[Records supplied]
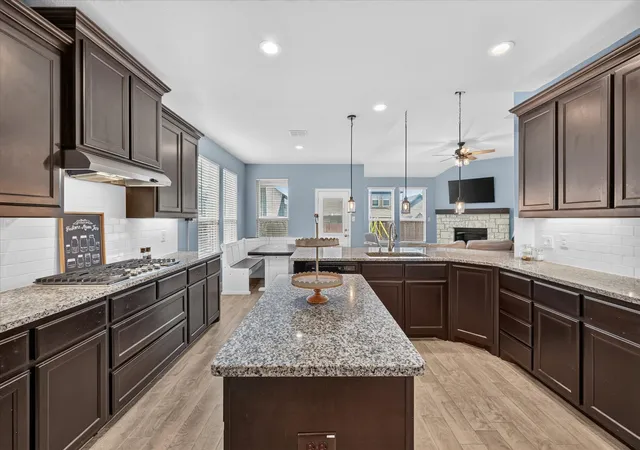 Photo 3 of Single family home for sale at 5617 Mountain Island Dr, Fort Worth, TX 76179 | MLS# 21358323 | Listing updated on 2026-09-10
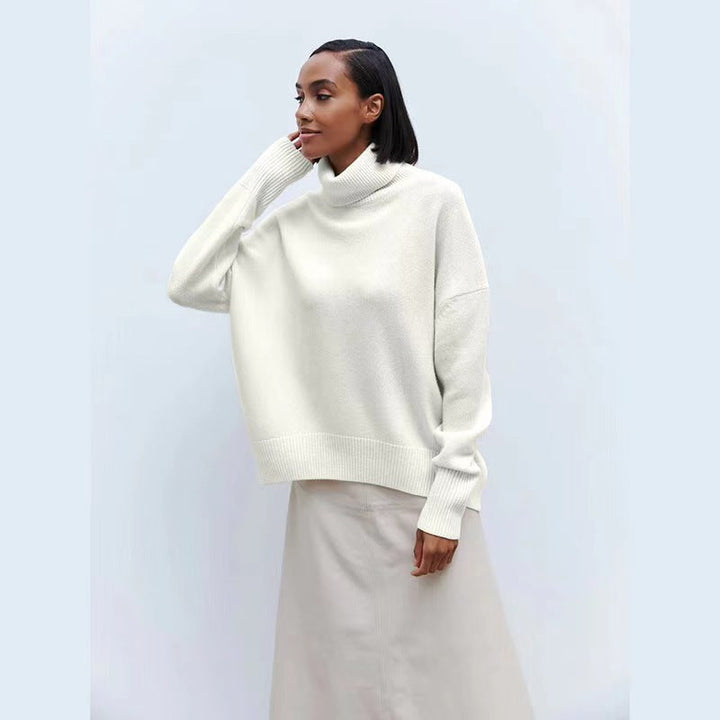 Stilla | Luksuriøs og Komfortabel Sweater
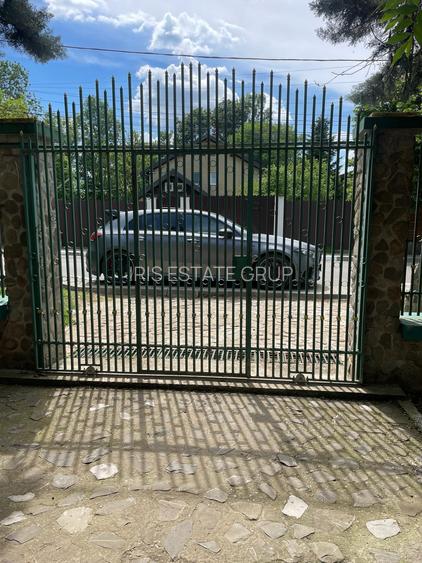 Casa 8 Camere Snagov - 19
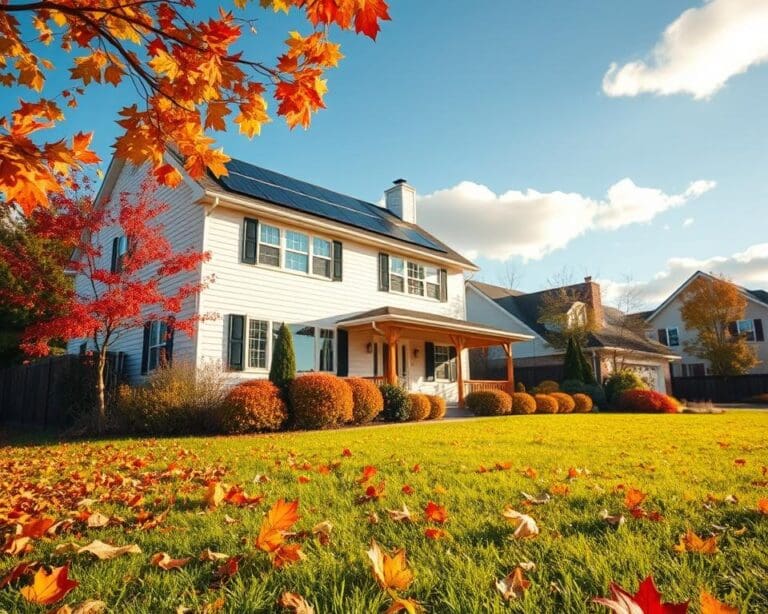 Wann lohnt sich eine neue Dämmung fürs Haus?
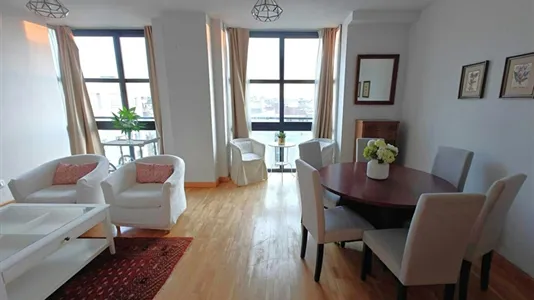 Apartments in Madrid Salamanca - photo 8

[Work item] The records above are to be set down exactly as written, with no images.

[Written reply]
 Photo 3 of Single family home for sale at 5617 Mountain Island Dr, Fort Worth, TX 76179 | MLS# 21358323 | Listing updated on 2026-09-10
 Stilla | Luksuriøs og Komfortabel Sweater
 Casa 8 Camere Snagov - 19
 Wann lohnt sich eine neue Dämmung fürs Haus?
 Apartments in Madrid Salamanca - photo 8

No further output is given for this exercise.